_What needs to be done_
Exclude the pictures and repeat all of the data exactly.

Recorded data: Begin

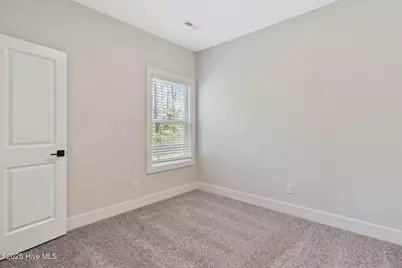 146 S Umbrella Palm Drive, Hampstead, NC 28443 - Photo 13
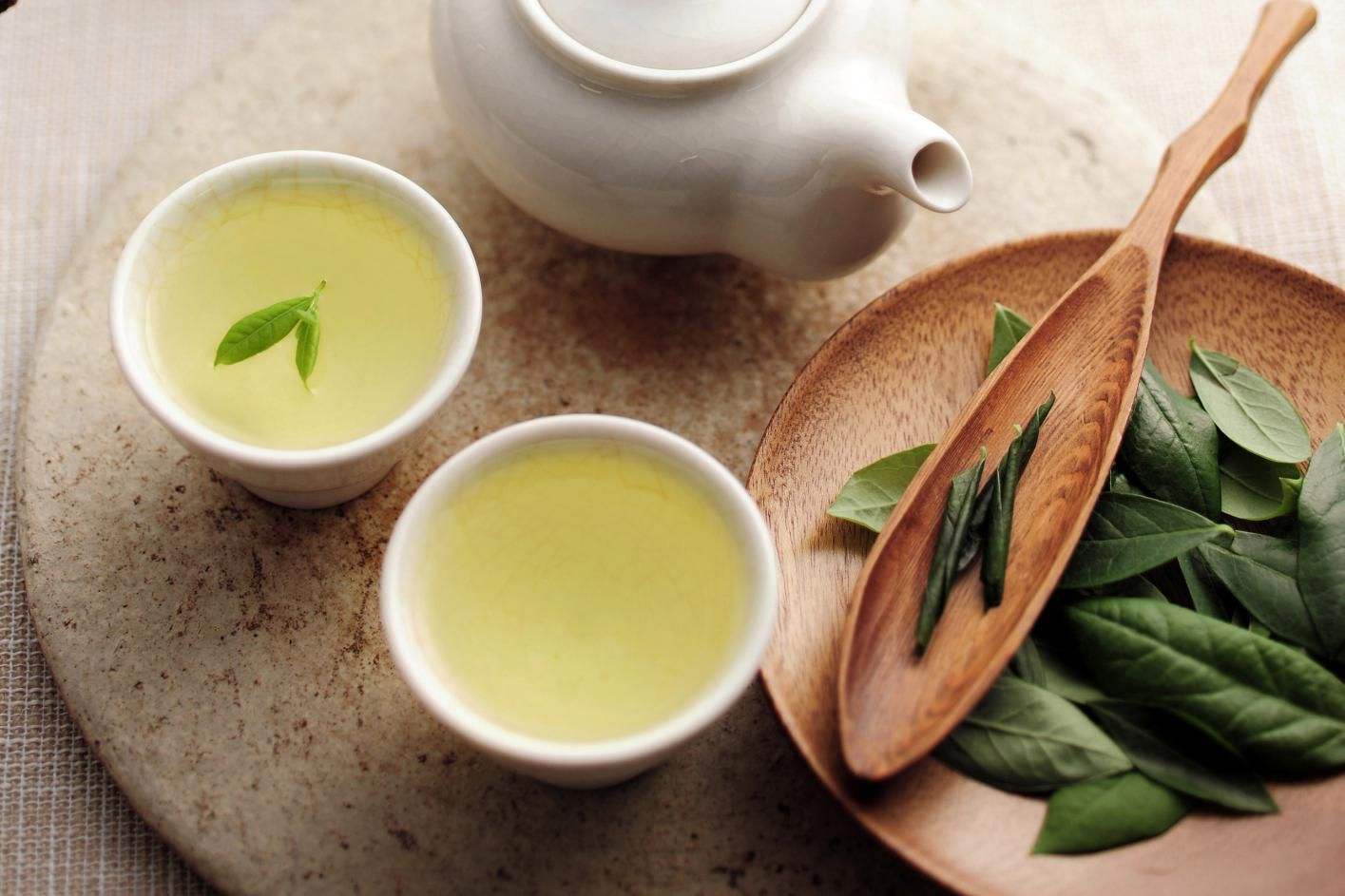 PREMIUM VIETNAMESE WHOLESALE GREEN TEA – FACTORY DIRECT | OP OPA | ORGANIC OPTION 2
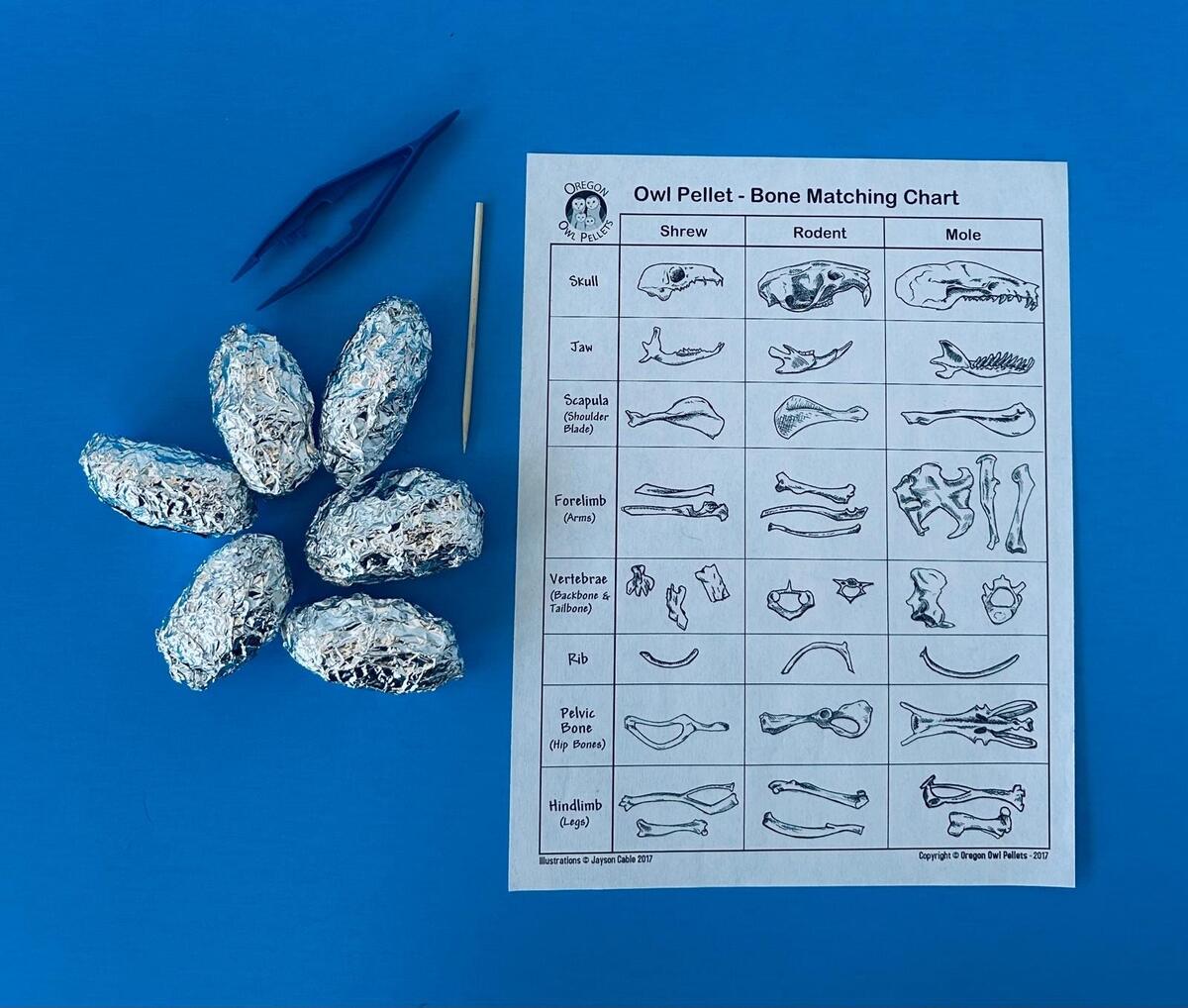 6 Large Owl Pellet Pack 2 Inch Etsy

Recorded data: End

_Answer section_
 146 S Umbrella Palm Drive, Hampstead, NC 28443 - Photo 13
 PREMIUM VIETNAMESE WHOLESALE GREEN TEA – FACTORY DIRECT | OP OPA | ORGANIC OPTION 2
 6 Large Owl Pellet Pack 2 Inch Etsy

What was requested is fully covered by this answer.